1. transformer with:

• a) two U-shaped iron core halves ( 11 )
• b) one winding ( 12 ) on each iron core half ( 11 ),
• c) each leg ( 10 ) of the iron core halves ( 11 ) in the region of its end face ( 16 ) approximately annular or hemispherical, made of electrically insulating material consisting of insulating bodies ( 15 ) which act as spherical sparks, the insulating bodies ( 15 ) contain or are coated with a semiconducting material for controlling the electric field, and wherein
• d) the iron core halves ( 11 ) are arranged so that their end faces ( 16 ) provided with insulating bodies ( 15 ) face each other, and that a distance
• e) between opposite insulating bodies ( 15 ), the insulating bodies ( 15 ) either covering the end faces ( 16 ) or being flush with them. ( Fig. 1)

2. transformer with

• a) two U-shaped iron core halves ( 21 ),
• b) one winding ( 22 ) on each iron core half ( 21 ),
• c) two rod-shaped, consisting of electrically insulating material and acting as spherical spark gaps insulating bodies ( 25 ), each one piece over both end faces ( 26 ) of one of the iron core halves ( 21 ) and which are rounded at their ends ( 23 ), whereby the insulating bodies ( 25 ) for controlling the electrical field contain or are coated with a semiconducting material, and wherein
• d) the iron core halves ( 21 ) are arranged so that their end faces ( 26 ) provided with insulating bodies ( 25 ) face each other, and that a distance
• e) between opposing insulating bodies ( 25 ), the insulating bodies ( 25 ) either covering the end faces ( 26 ) or being flush with them. ( Fig. 2)

3. transformer with

• a) two E-shaped iron core halves ( 31 ),
• b) in each case one winding ( 32 ) on the middle leg ( 30 ) of the iron core halves ( 31 ),
• c) on each of three faces (36) of the iron-core halves (arranged 31), such as hemispherical, consisting of electrically insulating material insulating bodies (35) which act as ball spark gaps, wherein the insulating body (35) for controlling the electric field, a contain or are coated with semiconducting material, and wherein
• d) the iron core halves ( 31 ) are arranged so that their end faces ( 36 ) provided with insulating bodies ( 35 ) face each other, and that a distance
• e) between mutually opposite insulating bodies ( 35 ), the insulating bodies ( 35 ) either covering the end faces ( 36 ) or being flush with them. ( Fig. 3)

4. Transformer with

• a) two U-shaped or E-shaped iron core halves ( 41 ) which are arranged such that their end faces ( 46 ) face each other,
• b) two circuit board windings ( 42 ), one of which is assigned to one of the iron core halves ( 41 ), and the circuit board windings ( 42 ) each have an insulating plate ( 47 ) with a flat winding ( 50 ) arranged thereon,
• c) the circuit board windings ( 42 ) each with their electrically insulating insulating plate ( 47 ) cover the end faces ( 46 ) of one of the iron core halves ( 41 ), so that the winding ( 50 ) in each case on the end faces ( 46 ) turned away Side is located, and with a distance (a) between the circuit board windings ( 42 ).

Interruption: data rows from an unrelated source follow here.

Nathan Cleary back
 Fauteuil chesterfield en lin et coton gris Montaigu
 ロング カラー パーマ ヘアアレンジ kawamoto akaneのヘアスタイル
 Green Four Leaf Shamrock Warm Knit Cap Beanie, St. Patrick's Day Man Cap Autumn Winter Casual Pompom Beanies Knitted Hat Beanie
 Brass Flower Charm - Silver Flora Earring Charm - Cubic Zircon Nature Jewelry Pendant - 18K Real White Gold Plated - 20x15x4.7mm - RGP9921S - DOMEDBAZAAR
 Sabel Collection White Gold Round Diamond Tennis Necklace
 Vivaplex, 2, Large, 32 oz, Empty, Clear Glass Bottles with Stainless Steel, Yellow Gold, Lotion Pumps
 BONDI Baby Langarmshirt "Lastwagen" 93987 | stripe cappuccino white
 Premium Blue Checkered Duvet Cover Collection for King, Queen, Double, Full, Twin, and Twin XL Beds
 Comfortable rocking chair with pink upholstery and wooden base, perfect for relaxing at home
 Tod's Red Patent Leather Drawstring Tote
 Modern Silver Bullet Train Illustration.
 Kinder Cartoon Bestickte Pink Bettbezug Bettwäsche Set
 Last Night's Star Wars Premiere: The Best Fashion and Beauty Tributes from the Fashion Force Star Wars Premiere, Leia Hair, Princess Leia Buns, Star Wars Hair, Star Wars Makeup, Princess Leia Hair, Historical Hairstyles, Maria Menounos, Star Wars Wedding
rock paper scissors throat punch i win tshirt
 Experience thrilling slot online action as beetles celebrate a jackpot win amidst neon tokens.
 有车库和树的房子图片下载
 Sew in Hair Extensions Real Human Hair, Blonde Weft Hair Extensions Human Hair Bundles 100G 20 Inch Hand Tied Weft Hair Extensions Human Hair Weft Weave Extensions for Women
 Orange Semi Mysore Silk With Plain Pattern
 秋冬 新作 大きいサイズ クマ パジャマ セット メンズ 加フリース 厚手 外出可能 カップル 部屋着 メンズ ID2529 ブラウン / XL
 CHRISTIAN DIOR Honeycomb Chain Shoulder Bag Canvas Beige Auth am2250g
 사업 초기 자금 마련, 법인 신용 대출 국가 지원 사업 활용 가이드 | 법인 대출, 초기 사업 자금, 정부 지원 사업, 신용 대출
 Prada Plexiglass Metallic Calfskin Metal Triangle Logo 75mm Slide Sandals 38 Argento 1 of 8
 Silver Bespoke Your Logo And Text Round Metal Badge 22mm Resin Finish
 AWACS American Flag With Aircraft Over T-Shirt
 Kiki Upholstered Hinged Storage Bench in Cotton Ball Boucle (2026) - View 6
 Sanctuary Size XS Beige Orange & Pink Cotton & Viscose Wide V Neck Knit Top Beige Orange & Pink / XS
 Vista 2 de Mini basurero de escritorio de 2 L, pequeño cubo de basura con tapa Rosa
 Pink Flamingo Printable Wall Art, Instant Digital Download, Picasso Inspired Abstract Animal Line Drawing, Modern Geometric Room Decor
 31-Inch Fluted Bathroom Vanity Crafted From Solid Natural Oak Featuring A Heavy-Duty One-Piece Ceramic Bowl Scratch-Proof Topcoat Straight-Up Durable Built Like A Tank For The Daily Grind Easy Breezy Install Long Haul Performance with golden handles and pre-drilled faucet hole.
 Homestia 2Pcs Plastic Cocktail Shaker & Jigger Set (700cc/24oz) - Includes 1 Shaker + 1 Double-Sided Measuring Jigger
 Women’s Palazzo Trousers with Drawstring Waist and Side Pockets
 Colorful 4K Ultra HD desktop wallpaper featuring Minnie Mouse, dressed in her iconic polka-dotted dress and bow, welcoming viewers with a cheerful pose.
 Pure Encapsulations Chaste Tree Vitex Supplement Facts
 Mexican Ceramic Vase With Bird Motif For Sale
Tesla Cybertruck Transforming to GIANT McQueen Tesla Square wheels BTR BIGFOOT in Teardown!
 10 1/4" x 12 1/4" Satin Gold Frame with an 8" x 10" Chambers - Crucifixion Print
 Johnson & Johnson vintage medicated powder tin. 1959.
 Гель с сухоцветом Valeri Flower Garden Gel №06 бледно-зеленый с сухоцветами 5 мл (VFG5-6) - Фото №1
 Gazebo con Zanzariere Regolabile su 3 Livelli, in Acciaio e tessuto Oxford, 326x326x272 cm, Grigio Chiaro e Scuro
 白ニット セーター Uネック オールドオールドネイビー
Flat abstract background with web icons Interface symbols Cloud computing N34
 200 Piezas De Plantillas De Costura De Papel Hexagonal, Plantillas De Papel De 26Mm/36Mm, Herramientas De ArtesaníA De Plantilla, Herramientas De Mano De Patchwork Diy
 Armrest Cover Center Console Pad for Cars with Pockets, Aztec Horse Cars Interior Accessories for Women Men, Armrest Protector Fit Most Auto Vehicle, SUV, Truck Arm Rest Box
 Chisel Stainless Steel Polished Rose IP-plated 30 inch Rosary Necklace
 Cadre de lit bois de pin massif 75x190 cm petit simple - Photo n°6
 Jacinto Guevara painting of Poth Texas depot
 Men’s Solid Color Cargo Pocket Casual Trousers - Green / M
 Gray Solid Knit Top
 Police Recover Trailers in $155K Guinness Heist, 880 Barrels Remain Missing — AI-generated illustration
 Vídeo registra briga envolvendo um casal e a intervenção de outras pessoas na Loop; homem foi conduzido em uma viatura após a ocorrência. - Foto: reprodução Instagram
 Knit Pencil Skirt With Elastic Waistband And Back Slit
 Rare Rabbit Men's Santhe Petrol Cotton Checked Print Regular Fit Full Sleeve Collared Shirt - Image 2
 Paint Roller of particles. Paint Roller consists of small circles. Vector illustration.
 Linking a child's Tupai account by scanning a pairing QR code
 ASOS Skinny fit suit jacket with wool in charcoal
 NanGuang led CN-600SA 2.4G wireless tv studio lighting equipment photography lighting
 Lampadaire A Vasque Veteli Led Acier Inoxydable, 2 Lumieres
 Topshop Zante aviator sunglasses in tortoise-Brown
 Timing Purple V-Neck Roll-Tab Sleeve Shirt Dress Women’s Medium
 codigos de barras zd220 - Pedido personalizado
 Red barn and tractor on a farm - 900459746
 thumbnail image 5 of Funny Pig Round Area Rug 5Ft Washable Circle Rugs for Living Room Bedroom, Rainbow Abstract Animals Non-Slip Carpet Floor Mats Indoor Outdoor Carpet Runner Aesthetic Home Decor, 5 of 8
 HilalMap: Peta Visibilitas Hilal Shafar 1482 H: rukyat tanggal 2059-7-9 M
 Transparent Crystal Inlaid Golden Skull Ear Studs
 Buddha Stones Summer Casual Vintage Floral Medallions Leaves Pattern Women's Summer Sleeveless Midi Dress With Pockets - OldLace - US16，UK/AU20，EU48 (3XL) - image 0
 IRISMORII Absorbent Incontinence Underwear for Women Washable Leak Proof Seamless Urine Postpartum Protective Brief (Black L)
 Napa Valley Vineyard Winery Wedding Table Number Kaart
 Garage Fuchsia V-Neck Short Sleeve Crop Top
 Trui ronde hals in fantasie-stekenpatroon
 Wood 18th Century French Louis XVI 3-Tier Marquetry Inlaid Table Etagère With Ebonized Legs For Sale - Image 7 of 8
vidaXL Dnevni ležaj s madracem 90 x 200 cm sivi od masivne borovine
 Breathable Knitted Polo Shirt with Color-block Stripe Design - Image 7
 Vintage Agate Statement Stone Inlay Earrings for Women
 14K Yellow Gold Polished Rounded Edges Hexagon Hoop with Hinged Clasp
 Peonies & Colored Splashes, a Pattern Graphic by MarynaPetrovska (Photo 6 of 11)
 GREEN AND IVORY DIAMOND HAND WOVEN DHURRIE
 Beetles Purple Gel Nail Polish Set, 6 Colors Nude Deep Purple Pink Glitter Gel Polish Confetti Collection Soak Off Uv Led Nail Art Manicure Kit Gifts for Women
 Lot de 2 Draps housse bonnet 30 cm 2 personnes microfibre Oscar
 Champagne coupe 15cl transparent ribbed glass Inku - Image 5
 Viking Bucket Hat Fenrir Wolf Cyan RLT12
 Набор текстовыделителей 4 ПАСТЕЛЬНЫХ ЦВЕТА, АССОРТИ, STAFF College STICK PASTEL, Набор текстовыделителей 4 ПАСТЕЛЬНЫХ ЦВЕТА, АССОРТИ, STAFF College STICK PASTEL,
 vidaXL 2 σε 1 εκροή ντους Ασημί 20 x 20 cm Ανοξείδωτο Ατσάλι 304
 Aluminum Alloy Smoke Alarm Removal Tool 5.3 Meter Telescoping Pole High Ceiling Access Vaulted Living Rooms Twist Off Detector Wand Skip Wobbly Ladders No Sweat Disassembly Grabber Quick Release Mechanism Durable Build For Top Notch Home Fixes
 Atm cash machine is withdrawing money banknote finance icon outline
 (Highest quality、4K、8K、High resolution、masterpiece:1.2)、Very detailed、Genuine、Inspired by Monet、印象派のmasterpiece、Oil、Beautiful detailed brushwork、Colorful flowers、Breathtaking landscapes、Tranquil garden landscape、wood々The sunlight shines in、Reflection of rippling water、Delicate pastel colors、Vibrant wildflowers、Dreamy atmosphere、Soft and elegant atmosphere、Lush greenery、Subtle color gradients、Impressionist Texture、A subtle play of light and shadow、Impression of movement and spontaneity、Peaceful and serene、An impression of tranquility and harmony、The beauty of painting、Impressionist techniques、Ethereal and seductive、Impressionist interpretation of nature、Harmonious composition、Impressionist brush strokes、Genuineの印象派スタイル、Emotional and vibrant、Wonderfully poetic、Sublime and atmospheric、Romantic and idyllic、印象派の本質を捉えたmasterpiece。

5. Transformer according to one of claims 1 to 3, characterized in that the insulating bodies ( 15 , 25 , 35 ) have flattened portions ( 100 , 200 , 300 ) at the points (a) opposite one another (a). 6. Transformer according to one of claims 1 to 5, characterized in that the legs ( 10 , 20 , 30 ) of the iron core halves ( 11 , 21 , 31 ) one in comparison to the distance (a) of the insulating body ( 15 , 25 , 35 ) or the distance (a) of the plati nenwicklungen ( 42 ) large distance (b) from each other. 7. Transformer according to one of the preceding claims, characterized in that the distance (a) between the insulating bodies ( 15 , 25 , 35 ), or the circuit board windings ( 42 ) several millimeters, at a voltage of 20 kV about 6 to 7 mm.